The Yen Carry Trade Explained

📖 7 min read

✍️ Written & reviewed by Karel HavlíčekUpdated 2026🛡️ Editorially independent

Quick Answer

One of the biggest hidden forces in global finance is built on a simple idea: borrow money where it is nearly free, and invest it where it pays more. For decades that meant borrowing Japanese yen. When that trade suddenly unwound in 2024, it shook markets worldwide — including crypto — in a matter of days.

💡 Think of it as…

Borrowing from a 0%-interest credit card to put cash in a savings account paying 5%, and pocketing the difference. It works beautifully — until the credit card rate suddenly jumps and everyone has to repay at once.

What a carry trade is

A carry trade means borrowing a currency with very low interest rates (for years, the Japanese yen) and using it to buy assets that yield more — foreign bonds, stocks, even crypto. The profit is the gap between the cheap borrowing cost and the higher return.

Why the yen

Japan held interest rates near zero for decades to fight deflation, making the yen the world’s favorite funding currency. Trillions effectively rode on yen staying cheap and stable — a giant, invisible leverage machine under global markets.

The 2024 unwind

When Japan began raising rates and the yen surged, the trade flipped: borrowers faced higher costs and currency losses at once, forcing a rush to sell assets and repay yen. In early August 2024 this cascade triggered a sharp, global sell-off across stocks and crypto.

Why it matters for Bitcoin

It showed how tightly Bitcoin is wired into global liquidity. When leveraged trades unwind and everyone scrambles for cash, risk assets — Bitcoin included — fall together in the short term, regardless of their long-term stories.

🔑 Key takeaway

The yen carry trade — borrowing cheap yen to buy higher-yielding assets — quietly underpinned global markets for decades. Its 2024 unwind caused a fast global sell-off, showing how Bitcoin moves with global liquidity in a panic.

What it means for you

This is a uniquely Asian force with global reach: Japan’s monetary policy ripples into every market, including Asian crypto. Understanding it explains why Bitcoin sometimes drops for reasons that have nothing to do with crypto itself.

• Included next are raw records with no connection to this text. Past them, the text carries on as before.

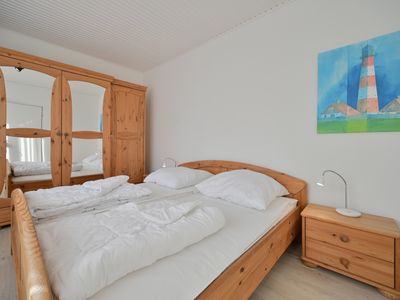 Ferienhaus für 4 Personen (72 m²) in Kellenhusen 9/10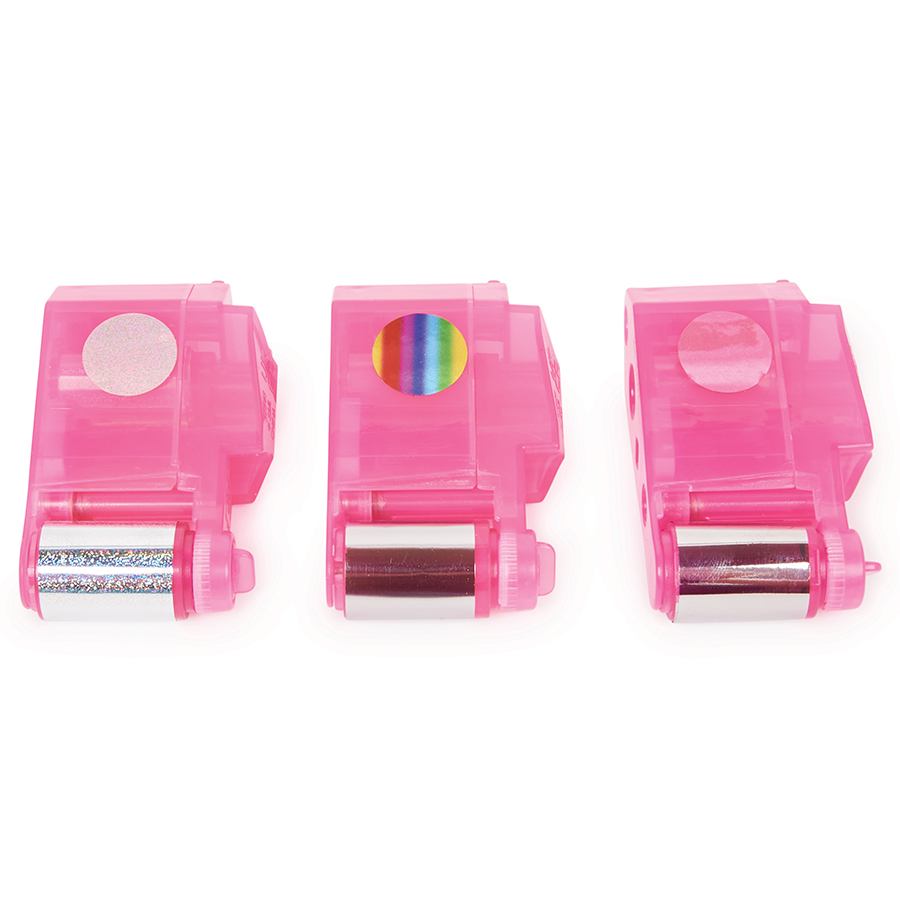 61927559-003-CM-ESTUDIO-DE-TATUAJES-REFILL-DELUXE.jpg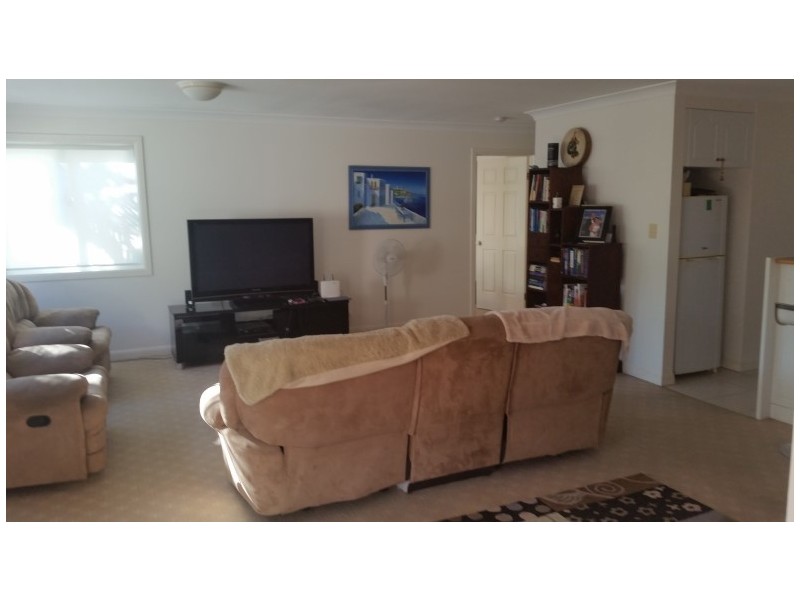 7/100 Cotlew St East, Southport QLD 4215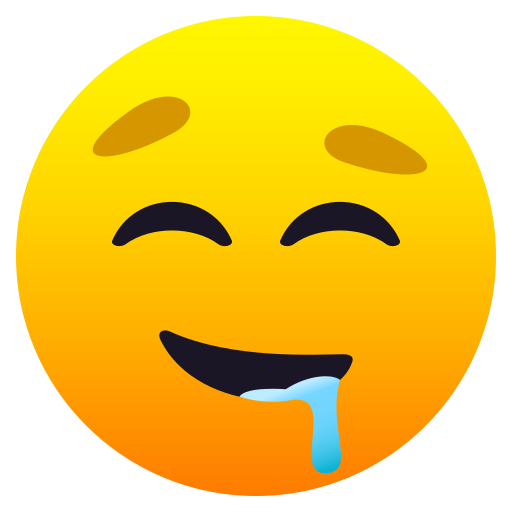 QUÉ BUENOS PRECIOS!!.png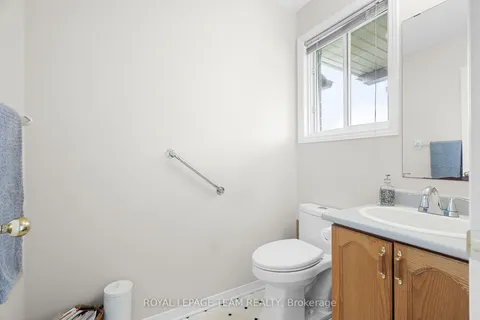 115 Cricket Crescent, Constance Bay - Dunrobin - Kilmaurs - Woodlawn, ON K0A 1T0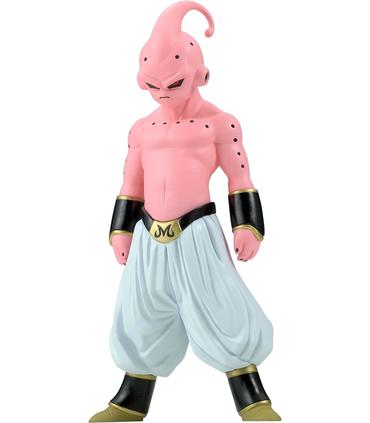 figura-banpresto-dragon-ball-z-solid-edge-works-vol16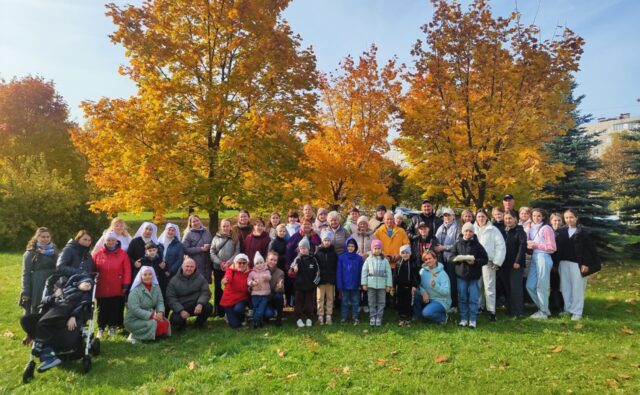 Когда слова бессильны, говорит память🕊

Frequently asked questions

Is the carry trade gone now?

No — carry trades reshape rather than disappear. As long as interest rates differ between countries, the strategy exists. But the scale built on near-zero Japanese rates has been forced to shrink as Japan normalizes policy.

How did it affect crypto?

The August 2024 unwind contributed to a sharp, broad risk-off sell-off in which Bitcoin and other crypto fell hard alongside stocks before recovering — a reminder of short-term correlation in panics.

Could another unwind happen?

Yes. Sudden shifts in Japanese rates or the yen can trigger renewed unwinding. It is one of the macro risks worth watching for any global investor.